MDM Model

Ataccama MDM follows a model-driven implementation, that is, the model is the most important part of the MDM, and everything is generated from it.

Some of the features of MDM are tightly related to the model:

Database structures are created automatically.
Cleansing, matching, and merging orchestration of the phases is handled automatically by MDM (MDM workflow).
Native MDM services are created based on the model.
Convention over configuration, removing complexity and supporting most processes by using the model information.

Overview

To support the modeling capabilities of the tool, Ataccama MDM includes a powerful modeling interface in which developers can define the whole data model from scratch. In the following diagram, you can see a representation of the MDM model project and its relationship with the rest of the elements of the MDM architecture.

Ataccama MDM is driven by several data models, defined visually using a built-in case tool (master data, data sources, data consumers, input and output interfaces in general).
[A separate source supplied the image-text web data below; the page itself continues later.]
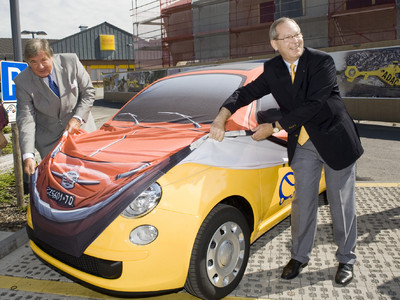 ADAC-Präsident Peter Meyer (rechts) und RWE-Vorstandsvorsitzender Dr. Jürgen Großmann enthüllen den Karabag 500 E.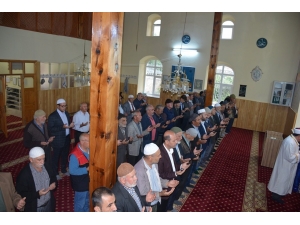 Köylüler Yağmur Duasına Çıktı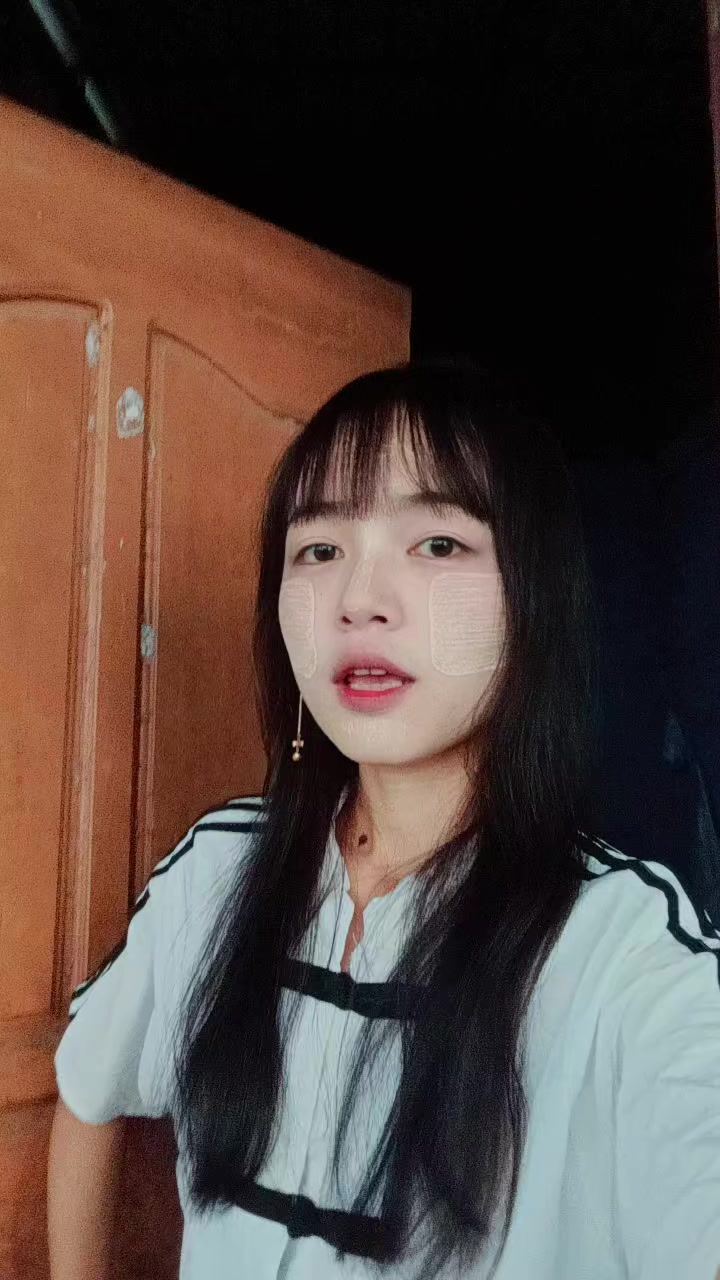 @MayZin10200300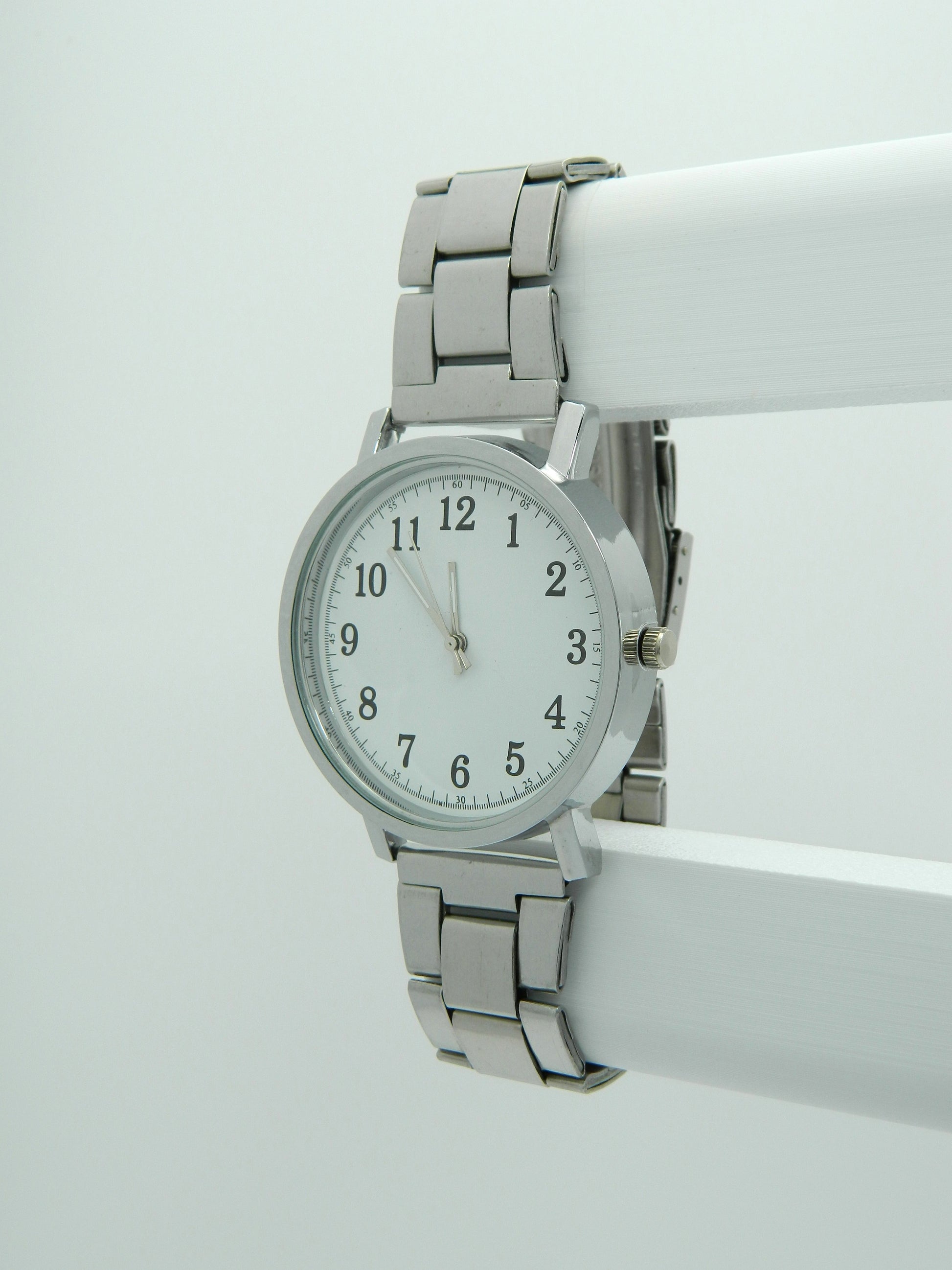 Simple Quartz Watch image 2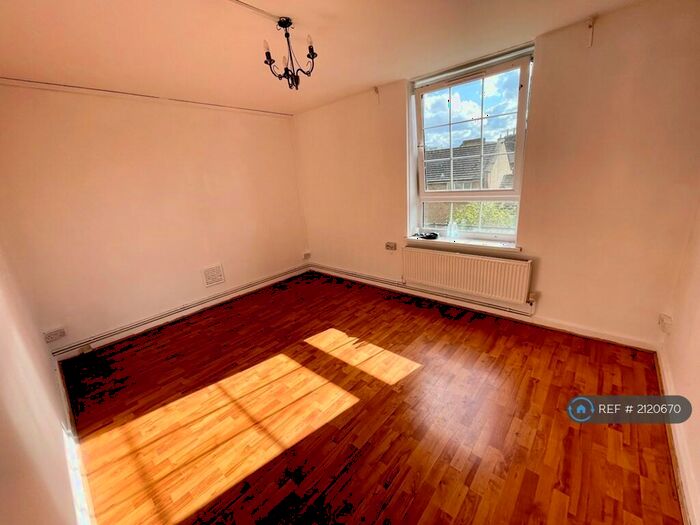 2 Bedroom Flat To Rent In Banister House, London, E9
Model metadata lives in MDM, thus making the model completely flexible and allowing developers to create entities and structures independently of the source system structures.

Models can be abstracted from the original data, defining the different entities that appear in the sources and the different relationships and dependencies that exist between the different entities. This also allows to create a common canonical model.

As the whole metadata layer is XML-based, MDM can import models from other case tools via standards for metadata exchange (XMI, XSD) and native formats (Power Designer, ERwin). MDM data models might also be imported from a database.

Importing models from external tools or database schemas supports incremental differences, allowing incremental imports, and selective imports based on the model (that is, importing only a subset of the entities or entity attributes available in the original model resource).

In Ataccama MDM, the model abstraction is split into the instance layer and master layers.

Instance

The instance model is devised to accommodate all the instances coming from the source data, that is, there is a one-to-one relationship between source records and records in the instance layer.

The instance layer should also be wider than any particular source of data as it needs to fit all possible structures. This is done through a Canonical model that does not relate to any particular source but instead has the attributes to accommodate all of the different structures.

The instance model represents not only source data but also the cleansed form of each record. Model relationships are also imported from relationships in the source data. This has some implications in terms of features and the data available to different records through their relationships.

Hence, the instance layer serves the following purposes:

Creates a structure to accommodate all the different attributes from sources.
Defines a target structure for the cleansing phase.
Hosts all metadata related to the matching process.
Defines attributes that are imported from other entities through their relationships. This advanced feature is meant to help during the matching process of a given entity by using attributes from other entities as additional information.
Maintains all source records and their cleansed forms, accepting updates and allowing redistribution and export of cleansed instance records.

Master

The master layer is composed of models that represent entities after the matching and merging MDM phases have taken place and relationships between them and across layers (with the instance layer).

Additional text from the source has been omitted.